A propex uses loads of gas and costs quite a bit to run unless you have an under slung lpg tank like i have on my t25. Ebbers are great, cheap to run and if plumbed into your fuel tank and in your case is a petrol ebber will keep the van toasty and lets be honest the aircooled engine heater is abit pants but uses quit alot of juice from the leisure battery on start up.
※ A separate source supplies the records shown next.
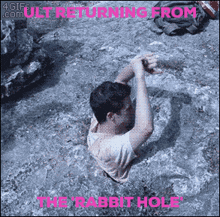 a picture of a man in the water with the words " the rabbit hole " on the bottom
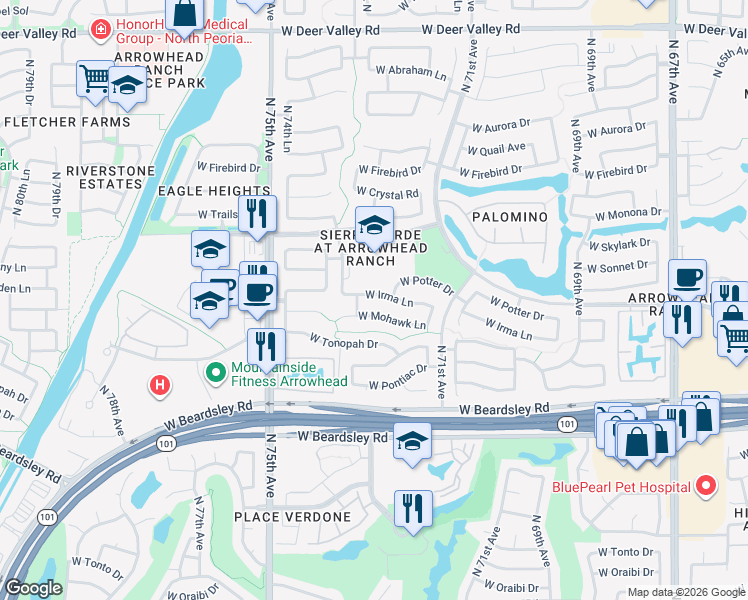 map of restaurants, bars, coffee shops, grocery stores, and more near 7223 West Irma Lane in Glendale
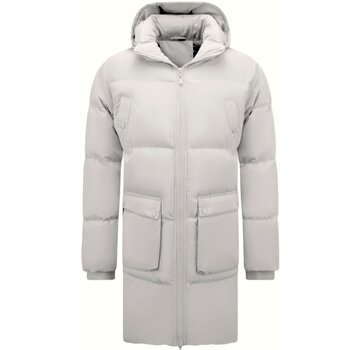 Enos Gedateerde  Lange Puffer Parka Jas Heren met Afneembare Capuchon - 3361 - Creme/Wit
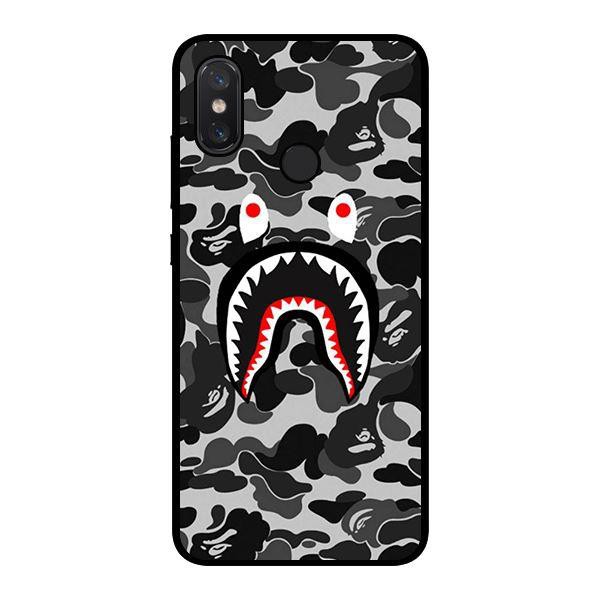 Ốp Lưng Mi 8 ,Mi A2, Redmi Note 6 Pro - Bape Xám Đen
Best way to get round this is to start the van when you first fire it up for two minutes then turn the engine off and leave it blowing away all night.. They are quite noisy though so if your doing a discrete wild camp like in a pub carpark it can give the game away The webasto air heater is like an ebber bit they also do a coolant heater version that i have on my doublecab syncro t25, No good for you though because your air cooled. 

Any of the other compact heaters are no good to leave on all night like the portable cartridge fueled type. Leave them on all night and you will wake up dead.

jed


----------



## jeffscarborough (Dec 4, 2009)

I fitted a new Propex 2000 to my last camper van. It was very good.
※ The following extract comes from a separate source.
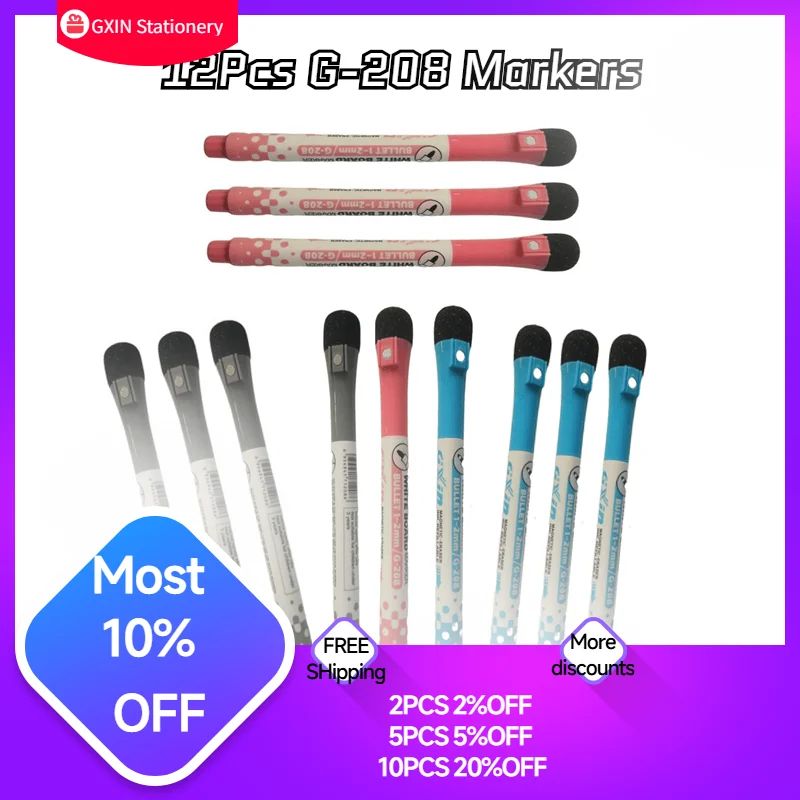 12Pcs Dry Erase Markers Magnetic Pen Cap Erasable Ink Use Fo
It seemed to be good on propane usage to me, but my van was small (VW T4) and was well insulated.

Put 'Propex' into the site search, plenty of info there.


----------



## hobenhobo (Dec 4, 2009)

hi thanks to all for your experience based advice, regarding van heating types/systems etc for our t25, plenty to consider. Another query whats the difference between LPG and propane?. I've sometimes seen LPG termed as (liquid propane gas) as opposed to (liquid petroleum gas).


----------



## maingate (Dec 4, 2009)

LPG is Liquified Petroleum Gas.

The 2 main types for Caravanning and Motorhoming are Propane and Butane.

Butane is not good in cold weather as it only turns from liquid to gas very slowly. Not at all if it is cold enough.

Propane does not have this problem and is the best choice.

LPG from garages is Propane gas.


----------



## kalamitty (Dec 5, 2009)

to make it simple stick with the red bottles all year round, thats propane. and the screw on regulater is a left handed thread. thats if youv'e got room in your locker for the bottle, otherwise you might have to use camping gaz 902 clyinders. which are butane and have a tend to freeze at lower temps.


----------



## maingate (Dec 5, 2009)

Butane does not freeze at lower temperatures.

Its ability to change from liquid to gas is affected by low temps.


----------